Question

What is the least number of students in a class if they can be made to stand in rows of 8, 12 or 14 each?

• A. 248
• B. 224
• C. 196
• D. 168
• E. 242

Answer 1

The Correct Option is D

Step 1: Understand the problem.
We need to find the least number of students in a class such that they can be arranged in rows of 8, 12, or 14 students each. This means we need to find the least common multiple (LCM) of 8, 12, and 14.

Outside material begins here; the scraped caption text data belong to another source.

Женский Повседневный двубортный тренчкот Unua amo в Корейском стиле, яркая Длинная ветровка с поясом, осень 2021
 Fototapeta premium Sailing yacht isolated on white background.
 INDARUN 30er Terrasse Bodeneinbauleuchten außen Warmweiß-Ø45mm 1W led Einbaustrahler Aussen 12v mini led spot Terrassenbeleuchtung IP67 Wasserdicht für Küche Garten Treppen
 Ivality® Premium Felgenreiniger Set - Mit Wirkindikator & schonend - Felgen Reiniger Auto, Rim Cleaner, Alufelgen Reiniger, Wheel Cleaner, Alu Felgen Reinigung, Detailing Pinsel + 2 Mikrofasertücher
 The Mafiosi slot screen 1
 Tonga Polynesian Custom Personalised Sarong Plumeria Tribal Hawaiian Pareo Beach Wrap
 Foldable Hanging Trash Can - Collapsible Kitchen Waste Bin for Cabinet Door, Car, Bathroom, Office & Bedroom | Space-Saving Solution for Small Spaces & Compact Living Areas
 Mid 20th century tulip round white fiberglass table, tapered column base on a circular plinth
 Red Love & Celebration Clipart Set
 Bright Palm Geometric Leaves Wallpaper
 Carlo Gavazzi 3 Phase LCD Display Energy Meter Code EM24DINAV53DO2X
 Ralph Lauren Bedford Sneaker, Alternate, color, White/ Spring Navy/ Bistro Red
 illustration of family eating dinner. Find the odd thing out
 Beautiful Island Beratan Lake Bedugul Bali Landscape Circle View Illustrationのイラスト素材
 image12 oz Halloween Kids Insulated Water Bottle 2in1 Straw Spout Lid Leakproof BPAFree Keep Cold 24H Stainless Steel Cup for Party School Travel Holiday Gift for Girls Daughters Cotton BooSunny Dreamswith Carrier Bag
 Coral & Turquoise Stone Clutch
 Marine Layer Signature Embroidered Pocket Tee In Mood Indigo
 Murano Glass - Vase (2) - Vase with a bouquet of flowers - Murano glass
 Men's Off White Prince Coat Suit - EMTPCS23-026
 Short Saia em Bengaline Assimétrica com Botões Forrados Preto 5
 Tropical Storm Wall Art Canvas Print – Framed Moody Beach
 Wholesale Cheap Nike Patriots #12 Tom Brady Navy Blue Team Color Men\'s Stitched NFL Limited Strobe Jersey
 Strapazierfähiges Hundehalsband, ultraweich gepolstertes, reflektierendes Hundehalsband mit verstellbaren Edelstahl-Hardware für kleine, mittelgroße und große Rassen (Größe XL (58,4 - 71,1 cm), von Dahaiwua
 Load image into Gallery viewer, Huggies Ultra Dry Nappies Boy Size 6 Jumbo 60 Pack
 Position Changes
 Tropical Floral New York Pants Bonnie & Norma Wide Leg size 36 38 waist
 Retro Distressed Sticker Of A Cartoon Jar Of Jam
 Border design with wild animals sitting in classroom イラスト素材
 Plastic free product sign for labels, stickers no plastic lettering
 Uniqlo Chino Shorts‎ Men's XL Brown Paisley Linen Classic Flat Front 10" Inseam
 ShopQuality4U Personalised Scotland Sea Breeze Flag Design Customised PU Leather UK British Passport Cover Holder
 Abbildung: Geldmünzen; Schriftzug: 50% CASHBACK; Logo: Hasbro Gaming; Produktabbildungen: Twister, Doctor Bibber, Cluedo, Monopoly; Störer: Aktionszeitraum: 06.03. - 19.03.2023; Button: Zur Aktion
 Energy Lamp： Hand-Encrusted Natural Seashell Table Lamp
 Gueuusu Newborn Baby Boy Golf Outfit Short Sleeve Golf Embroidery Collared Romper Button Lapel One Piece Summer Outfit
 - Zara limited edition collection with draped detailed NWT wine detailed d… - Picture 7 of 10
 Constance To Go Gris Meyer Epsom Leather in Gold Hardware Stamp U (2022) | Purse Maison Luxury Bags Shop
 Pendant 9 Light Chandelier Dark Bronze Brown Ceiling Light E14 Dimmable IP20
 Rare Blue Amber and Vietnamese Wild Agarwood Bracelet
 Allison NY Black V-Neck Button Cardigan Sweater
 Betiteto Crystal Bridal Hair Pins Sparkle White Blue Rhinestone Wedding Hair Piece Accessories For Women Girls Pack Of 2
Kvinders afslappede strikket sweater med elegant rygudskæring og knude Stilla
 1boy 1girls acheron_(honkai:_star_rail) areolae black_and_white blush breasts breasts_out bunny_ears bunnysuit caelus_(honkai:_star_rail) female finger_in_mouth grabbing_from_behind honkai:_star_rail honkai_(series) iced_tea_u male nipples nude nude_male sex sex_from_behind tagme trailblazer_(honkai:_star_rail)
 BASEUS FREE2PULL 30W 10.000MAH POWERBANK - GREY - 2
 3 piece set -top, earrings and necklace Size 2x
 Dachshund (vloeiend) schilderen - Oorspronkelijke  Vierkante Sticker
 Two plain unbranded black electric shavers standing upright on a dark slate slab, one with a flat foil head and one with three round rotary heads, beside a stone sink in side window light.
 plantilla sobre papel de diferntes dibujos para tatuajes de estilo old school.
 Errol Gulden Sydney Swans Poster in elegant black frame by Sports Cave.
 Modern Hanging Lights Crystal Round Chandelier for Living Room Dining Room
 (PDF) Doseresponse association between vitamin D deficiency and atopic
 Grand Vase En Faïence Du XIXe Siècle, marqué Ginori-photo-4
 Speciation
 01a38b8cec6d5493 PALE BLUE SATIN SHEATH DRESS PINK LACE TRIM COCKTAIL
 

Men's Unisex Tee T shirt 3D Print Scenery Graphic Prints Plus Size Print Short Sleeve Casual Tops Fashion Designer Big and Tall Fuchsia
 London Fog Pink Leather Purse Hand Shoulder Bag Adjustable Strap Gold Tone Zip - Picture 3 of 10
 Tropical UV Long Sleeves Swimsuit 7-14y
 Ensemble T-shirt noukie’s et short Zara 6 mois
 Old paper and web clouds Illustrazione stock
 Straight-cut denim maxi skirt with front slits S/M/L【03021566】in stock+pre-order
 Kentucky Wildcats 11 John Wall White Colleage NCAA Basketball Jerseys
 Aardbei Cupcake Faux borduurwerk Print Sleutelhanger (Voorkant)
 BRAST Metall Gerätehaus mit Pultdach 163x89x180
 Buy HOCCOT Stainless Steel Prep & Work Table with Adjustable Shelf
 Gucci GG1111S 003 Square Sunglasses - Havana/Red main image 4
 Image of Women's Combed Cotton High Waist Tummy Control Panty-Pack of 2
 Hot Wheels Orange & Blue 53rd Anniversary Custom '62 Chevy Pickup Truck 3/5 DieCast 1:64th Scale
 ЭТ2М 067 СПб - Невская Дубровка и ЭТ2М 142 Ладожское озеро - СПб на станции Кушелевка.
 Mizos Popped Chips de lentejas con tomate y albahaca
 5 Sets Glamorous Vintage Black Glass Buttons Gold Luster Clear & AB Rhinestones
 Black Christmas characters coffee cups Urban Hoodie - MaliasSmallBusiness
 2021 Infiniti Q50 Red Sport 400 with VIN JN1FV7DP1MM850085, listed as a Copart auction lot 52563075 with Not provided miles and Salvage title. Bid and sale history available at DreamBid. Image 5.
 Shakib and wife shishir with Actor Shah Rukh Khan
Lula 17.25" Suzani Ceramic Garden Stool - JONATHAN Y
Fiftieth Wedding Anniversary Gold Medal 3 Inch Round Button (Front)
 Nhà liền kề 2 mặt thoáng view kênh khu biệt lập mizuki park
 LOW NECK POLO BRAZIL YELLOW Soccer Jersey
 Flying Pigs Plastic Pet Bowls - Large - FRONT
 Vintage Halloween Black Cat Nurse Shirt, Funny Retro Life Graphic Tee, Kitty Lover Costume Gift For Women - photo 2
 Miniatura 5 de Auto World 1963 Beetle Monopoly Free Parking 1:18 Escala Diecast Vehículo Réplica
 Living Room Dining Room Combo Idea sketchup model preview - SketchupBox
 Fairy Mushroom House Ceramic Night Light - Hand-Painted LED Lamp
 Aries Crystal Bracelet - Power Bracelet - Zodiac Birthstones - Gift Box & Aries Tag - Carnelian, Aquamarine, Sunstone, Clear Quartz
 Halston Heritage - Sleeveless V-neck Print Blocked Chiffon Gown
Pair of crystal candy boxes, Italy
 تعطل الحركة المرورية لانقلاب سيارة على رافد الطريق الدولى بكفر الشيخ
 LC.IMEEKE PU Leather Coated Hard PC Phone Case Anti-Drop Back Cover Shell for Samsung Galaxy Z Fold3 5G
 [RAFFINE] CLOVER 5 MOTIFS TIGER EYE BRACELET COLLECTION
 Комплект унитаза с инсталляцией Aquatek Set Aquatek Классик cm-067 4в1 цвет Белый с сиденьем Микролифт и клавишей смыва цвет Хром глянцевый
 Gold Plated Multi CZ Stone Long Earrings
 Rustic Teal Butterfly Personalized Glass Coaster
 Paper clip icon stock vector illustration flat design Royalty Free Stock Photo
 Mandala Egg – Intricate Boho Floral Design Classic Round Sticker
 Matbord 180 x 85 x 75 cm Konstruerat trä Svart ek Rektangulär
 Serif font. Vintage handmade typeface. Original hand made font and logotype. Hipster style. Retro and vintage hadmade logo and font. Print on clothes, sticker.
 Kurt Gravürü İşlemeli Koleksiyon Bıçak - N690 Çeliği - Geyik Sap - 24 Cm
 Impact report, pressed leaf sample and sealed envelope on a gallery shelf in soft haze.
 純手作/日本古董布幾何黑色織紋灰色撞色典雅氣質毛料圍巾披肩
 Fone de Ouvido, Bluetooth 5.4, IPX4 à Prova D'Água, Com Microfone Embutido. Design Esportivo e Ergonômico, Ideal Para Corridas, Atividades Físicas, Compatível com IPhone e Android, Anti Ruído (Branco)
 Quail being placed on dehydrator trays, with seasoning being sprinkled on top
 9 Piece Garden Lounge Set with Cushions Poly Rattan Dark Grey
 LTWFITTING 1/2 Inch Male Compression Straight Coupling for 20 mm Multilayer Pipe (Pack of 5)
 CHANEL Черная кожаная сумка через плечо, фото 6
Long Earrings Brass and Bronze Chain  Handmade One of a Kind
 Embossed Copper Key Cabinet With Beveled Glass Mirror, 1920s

Step 2: Find the prime factorization of the numbers.
The prime factorization of each number is:
- 8 = \( 2^3 \)
- 12 = \( 2^2 \times 3 \)
- 14 = \( 2 \times 7 \)

Step 3: Find the LCM of the numbers.
To find the LCM, we take the highest power of each prime factor that appears in the factorizations:
- The highest power of 2 is \( 2^3 \)
- The highest power of 3 is \( 3^1 \)
- The highest power of 7 is \( 7^1 \)
Therefore, the LCM is:
LCM = \( 2^3 \times 3 \times 7 = 8 \times 3 \times 7 = 168 \)

Step 4: Conclusion.
The least number of students that can be arranged in rows of 8, 12, or 14 students is 168.

Final Answer:
The correct option is (D): 168.